I kept saying as rode,
Kent, this is my favorite part! Until I'd said I had
half a dozen favorite parts and Kent didn't believe a word after that. I truly loved best the pastoral views (except for when we were atop the mountain and seeing the lake glitter and the valley below us [with its church spires], the hillside beside us,
oh my!). This barn, for instance, going...
...and coming,
thrilled me! Kent couldn't help telling me (both going and coming) how the barn is a dead ringer for the barn that used to be on his parents' farm when he was a kid, even to the hay hook swinging from the topmost peak. It was an attention-grabber for him, not just me!
Here's a picture from the Internet of how this part of the trail used to look before the canal was covered over.
The pastoral scenes continued: round a bend, horses in a fenced pasture; the blue skies; mountains... could it
be better? For one of the last hot, high days of summer in this desert, this day has seemed picture-perfect.
Almost two hours in the sunshine riding – more, I'd say – and my "happy hormones" were
overflowing. We pedaled and pedaled. Heading into the last stretch through Orem to the north border of Provo.
Looking for something to eat, we followed a sign at the end of the trail (yup, we made it!) for a convenience store .6 miles east... and wound up at the mouth of Provo Canyon. A Subway, a convenience store and a Mexican restaurant were our choices.
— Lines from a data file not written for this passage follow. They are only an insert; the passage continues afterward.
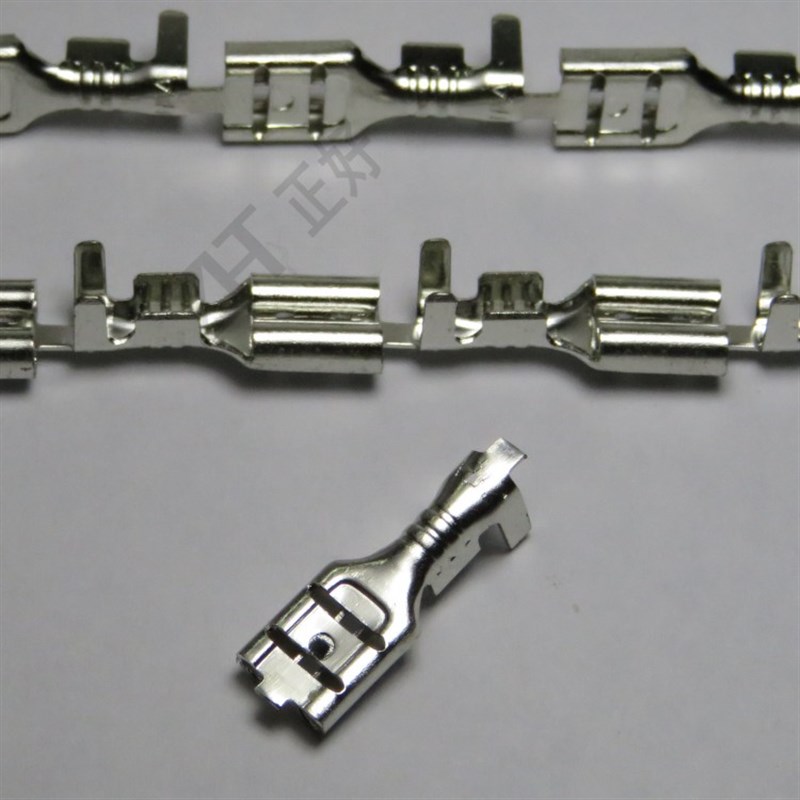 187插簧连带.8黄铜镀亮锡直带接线母端子B脚0.mm厚环保10000个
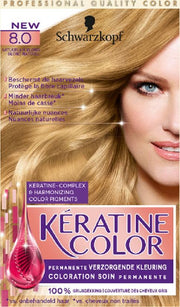 Schwarzkopf Keratine Color 8.0 Natuurlijk Blond Haarverf - 1 stuk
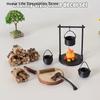 Mini Campfire and Teapot Miniature Statue Ornament Home Kitchen DIY Craft Accessories Desktop Photo Props Decor Winter Warm Gift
We chained our bikes to a table behind Subway and went in and ordered. I was glad,
glad, to be on my feet; we'd done 20 miles what with backtracking at the beginning – remember, this trail's 16, and that was four more – and now I'd come to noon
, LUNCH! on the clock, and my stomach was against my backbone! Besides, my "sitter" hurt.
Good to be on my feet and walking myself into the sandwich shop!
We'd debated whether or not to get whole subs each, or split one... would we need
tonnage to fuel us home? Or would we be bogged down by that...? I called it: one sub to split, and that we did, our favorite: turkey and Swiss on Italian Herbs and Cheese, lettuce, tomatoes red onion, lots'a salt and pepper, oregano and olive oil, and extra olive oil; dill pickle slices on my half. Spare.
It got us back to the car. 16 miles back the way we came.
We'd done 36 by the time we approached the car and I looked at Kent and started saying how
I've wanted all summer to see if I could ride 40 miles in one day and we're awful close... it's on my bucket list... do you want to wait in the car while I ride four extra miles...?
He's no wimp: he'd do it with me. And he did. Back and forth we rode passing the car twice, four extra miles to make it an even
oh-my-gosh-we-did-it 40.
Bliss! Bliss
is no more pedaling after that. Done! I was
whipped, spent, and so was Kent. Bikes on the back of the car finally; air-conditioning on us both in the front seat; Kent driving us to the nearest McDonald's for ice cream cones,
bliss!
Bliss is pushing your limits and checking off a big goal and having fun and a half doing it! With the one you love, on a picture-perfect day!